There are lots of insecure web applications floating around the web. You know the drill.
Here's a little fake news site where users can submit articles and the admin can approve them to show up on the home page:
The source code and database structure are here:
Directory listing is also on for convenience:
The challenge is to get a javascript alert to open on the "home page" of the example site (home.php) for any visitor who comes to the site. The text in the alert box should be either your name, or, if you're bashful, a hash of some string that you can later provide (as well as the hash algorithm) that we can verify you really were the person who put it there on the home page.
What we'll do (that is, Justin, who's running this contest) is occasionally go to the page that lists unapproved items (unapproved_news.php) while logged in as the user "admin". We won't click the "approve this news item" link for any of the unapproved items, though.
I may add more detailed descriptions of the various pages later, but there's nothing you won't be able to see in the scripts you can download using the link above.
My hope is that this contest is harder than the last. Those who don't know where to start, feel free to ask questions.
Note: goatse.cx, etc., will get you disqualified =).
You win one book of your choice (out of two) of books donated to the UA Computer Security Club by No Starch Press!
You also get your name mentioned as the winner of the contest. We'll probably list the top three.
Note: If you have been a recent winner of a contest, you can still be aknowledged as the winner of this one but you can't win the prize. We want to share the wealth, you see.
Please respect the contest server. It's not a DoS contest. If your solution involves making multiple requests or connections to the server, that's fine, but please do them sequentially unless your solution requires them to be concurrent (in which case, please be kind).
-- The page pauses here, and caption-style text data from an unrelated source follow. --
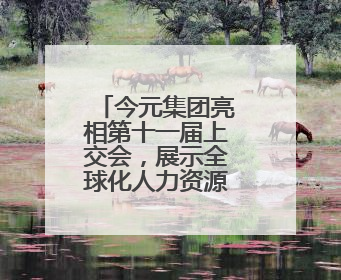 今元集团亮相第十一届上交会，展示全球化人力资源服务新范式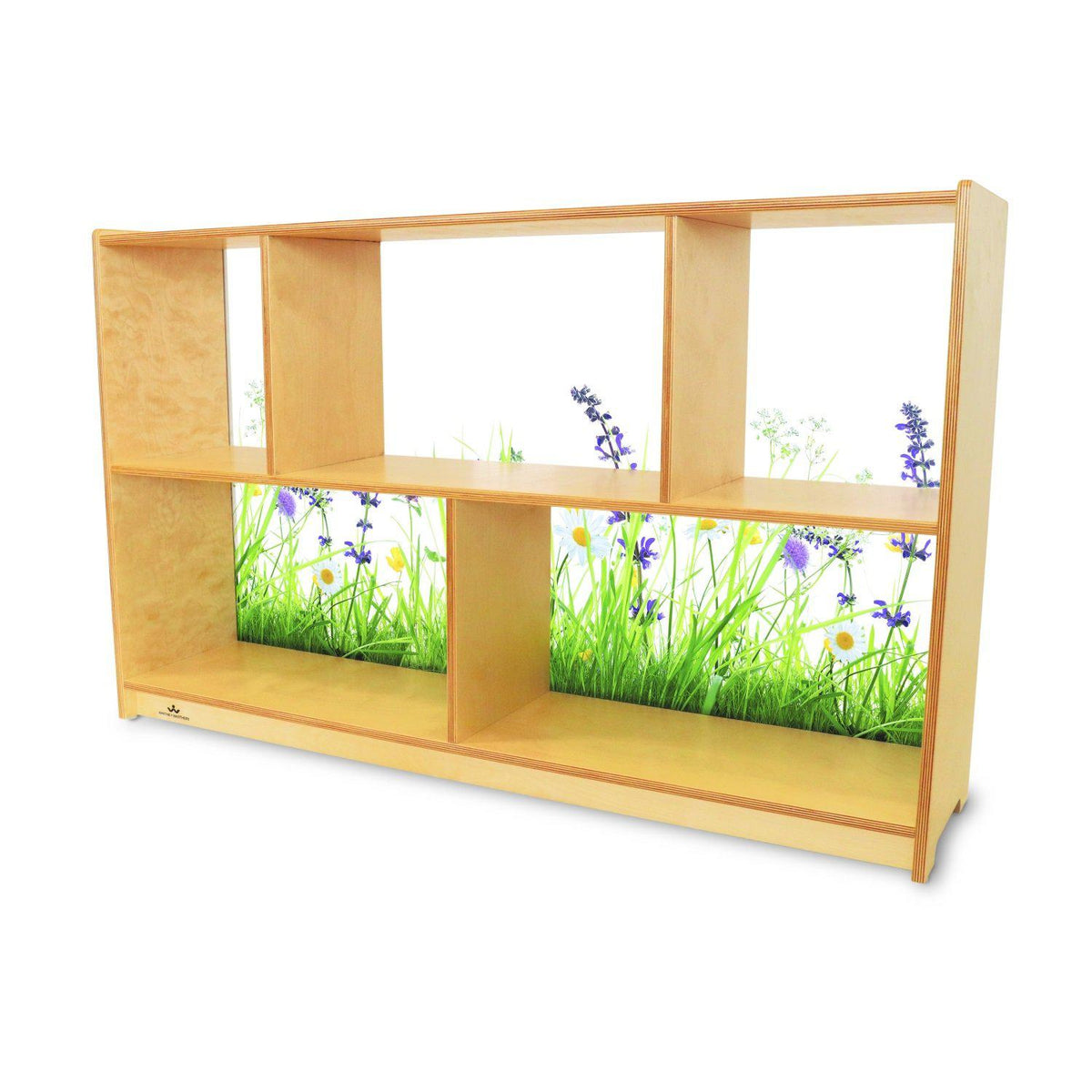 Nature View Acrylic Back Cabinet, 30" H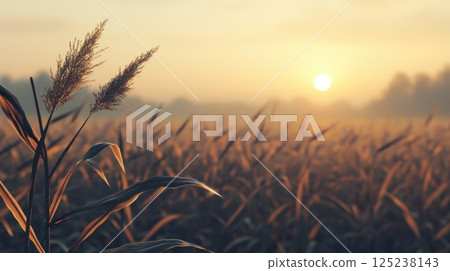A field of tall grass with a sun in the background A field of tall grass with a sun in the background 125238143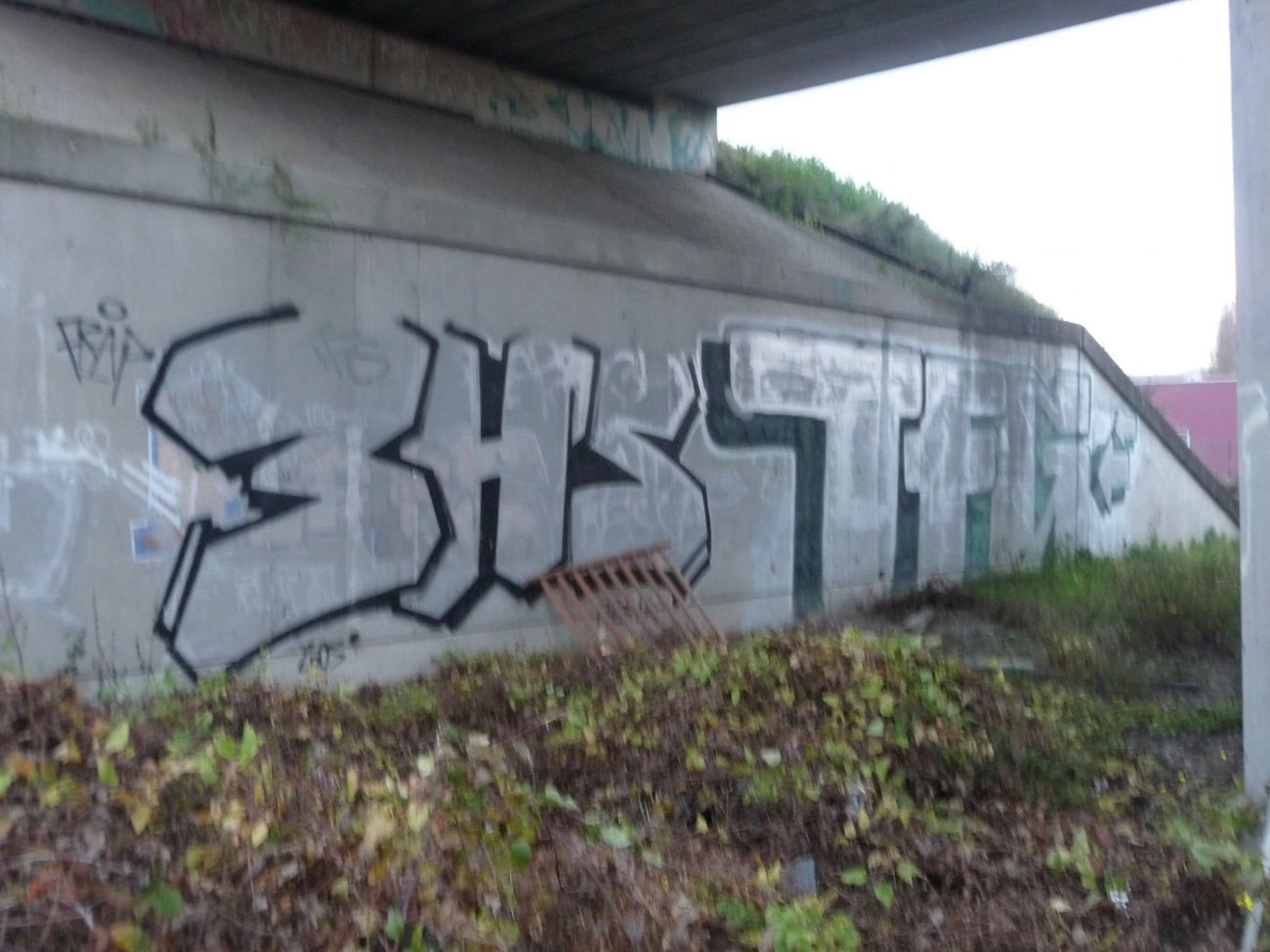 Graffiti Bombing - Photo by strasbourgraffiti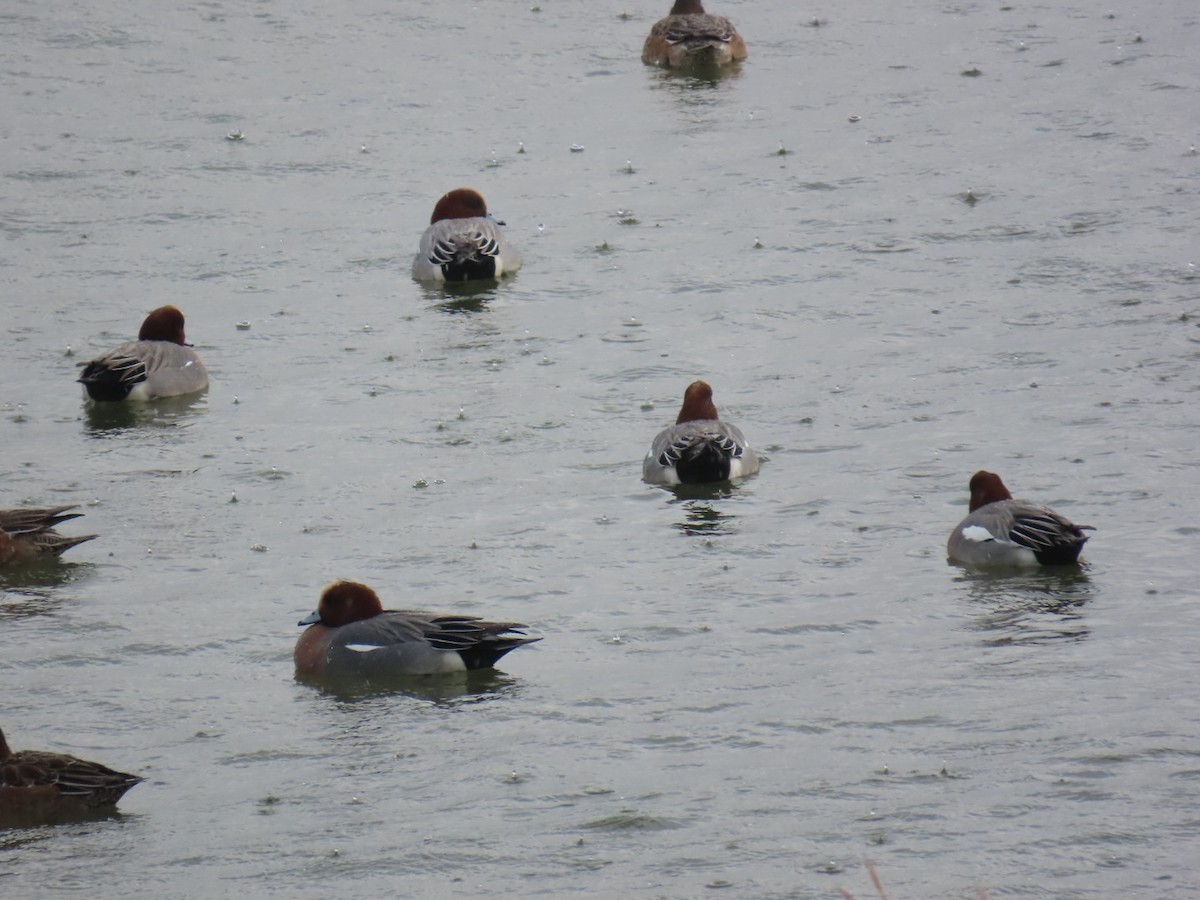 Eurasian Wigeon - ML646893227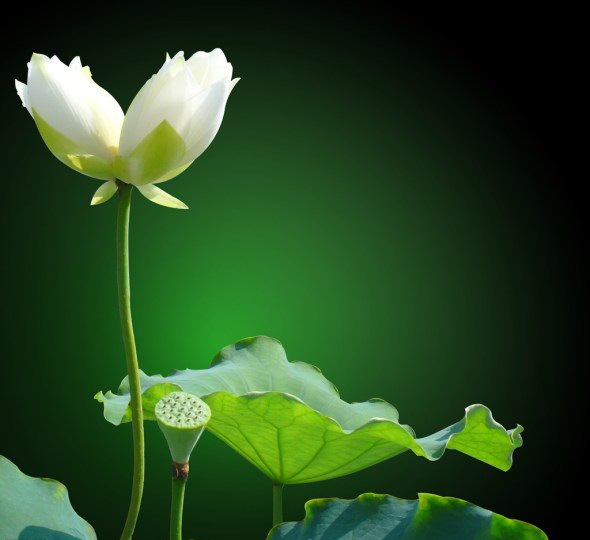 sen-tinh-de-viet-nam-trang-tinh-1-hoasenvang.com.vn.jpg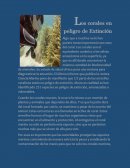 Corales peligro de extincion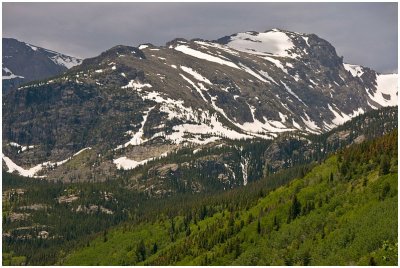 Summer in the Rockies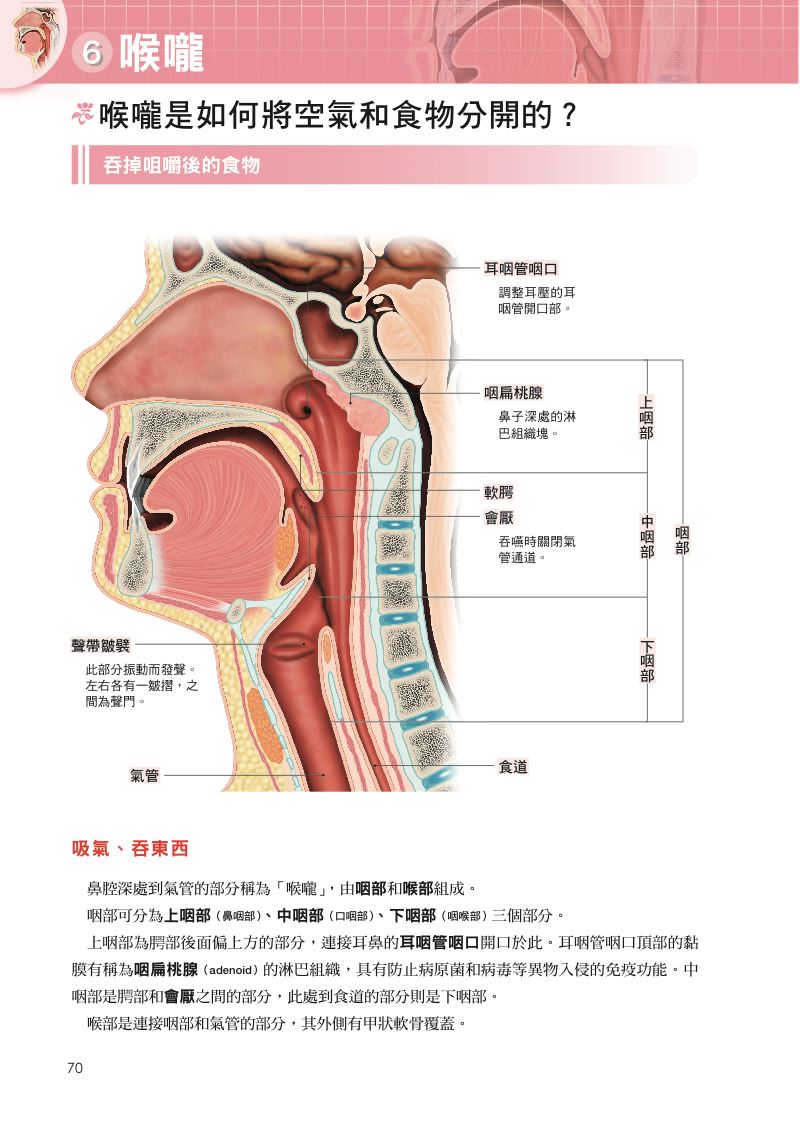 內頁 7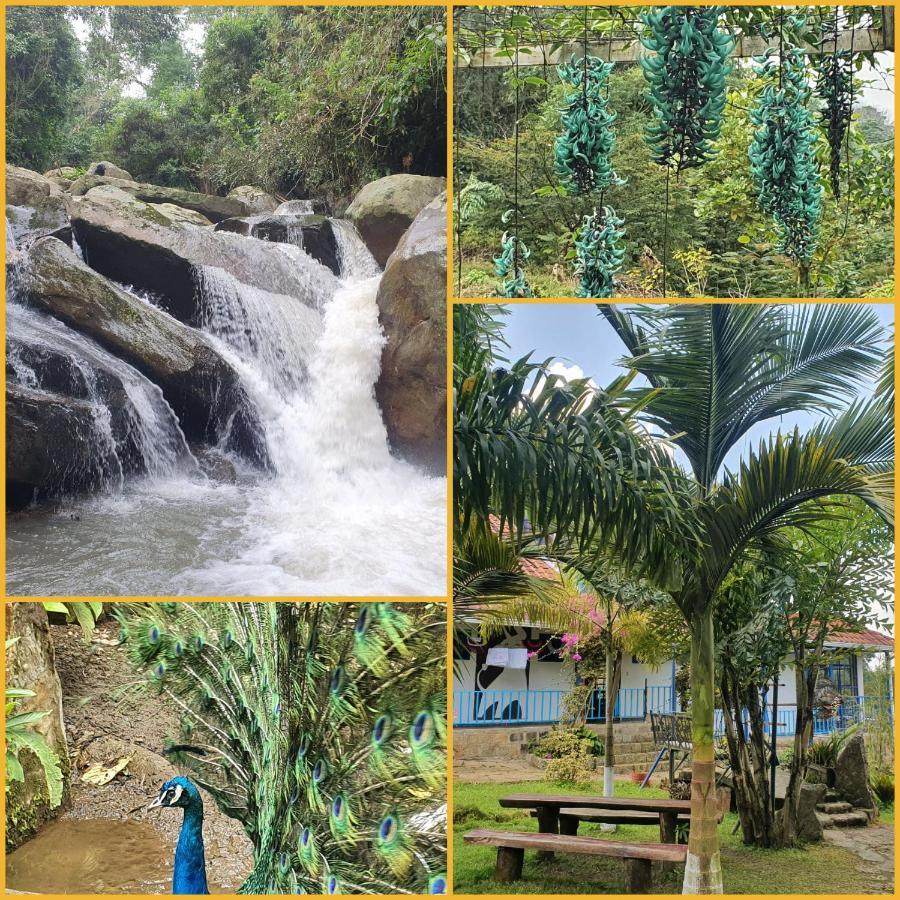 Finca Jardin Del Agua Villa ซาไซมา ภายนอก รูปภาพ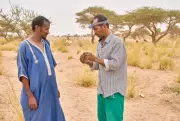 Meteorite Gold Rush: How TikTok Traders Are Plundering Mauritania's Cosmic Treasures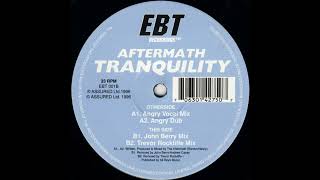Aftermath - Tranquility (Angry Vocal Mix) (Acid Trance 1996)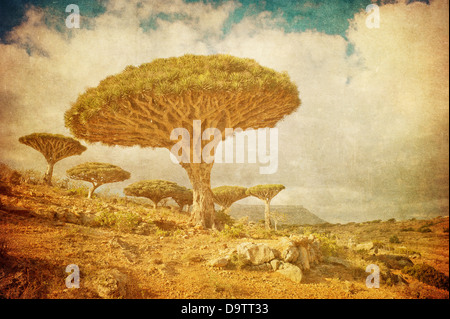 Image vintage d'arbres dragons à Dixam plateau, l'île de Socotra, au Yémen Banque D'Images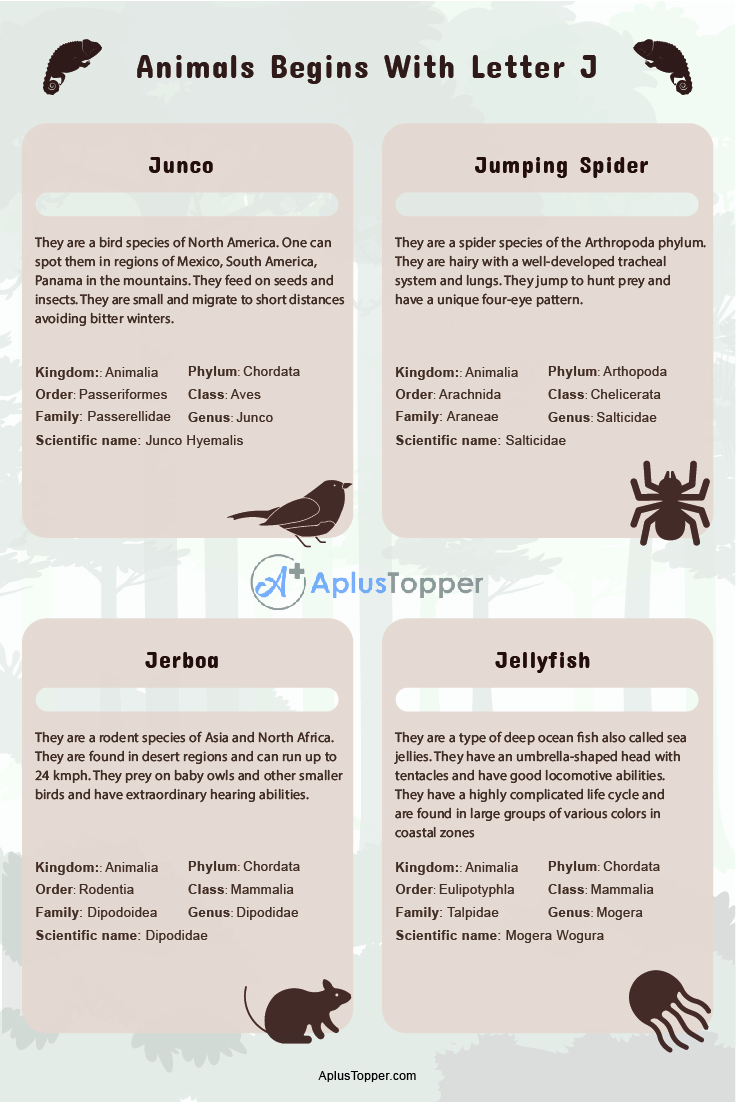Animals that Start with J | Listed With Pictures, List of 30+ Animals  Starting with Letter J & Facts - A Plus Topper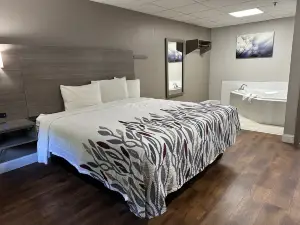 레드 루프 인 & 스위트 스완지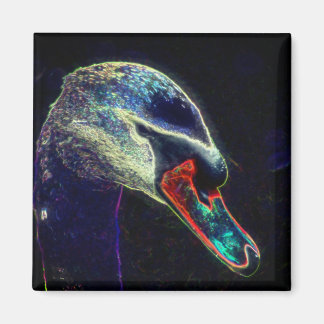 Imán Arte abstracto de la naturaleza del cisne regio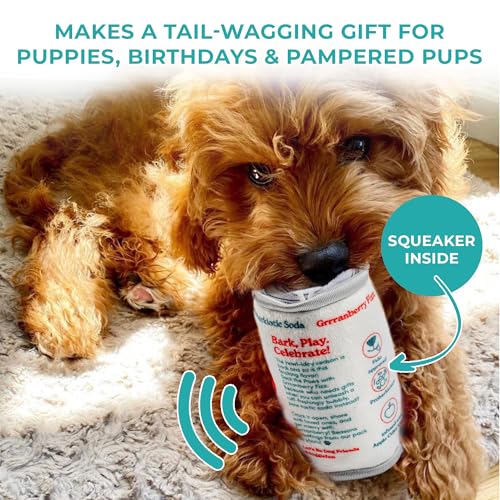 Puppi Plush Dog Toy (Puppi Solda Grrranberry Fizz (White, Red))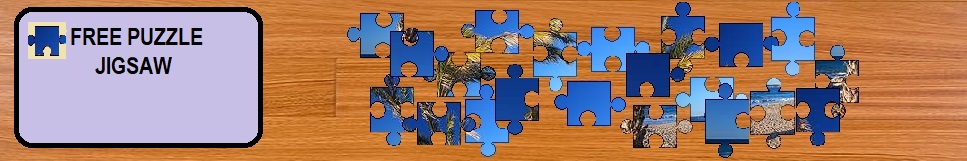 Puzzle header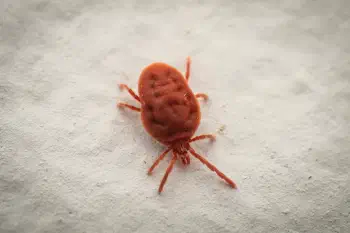 Trombidium holosericeum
Pretty much, if you know something wasn't intended and you know it may negatively impact the server, don't do it.
The contest is intended for University of Arizona students and faculty. If you aren't from the UA, you are welcome to give it a try, but you won't be credited with winning the contest and non-UA IP addresses are subject to blocking if they are abusive.
Send your victory reports and questions (and requests for hints) to contests -at- uacompsec.org.
No winner yet.
Solutions will be made available after the contest has ended.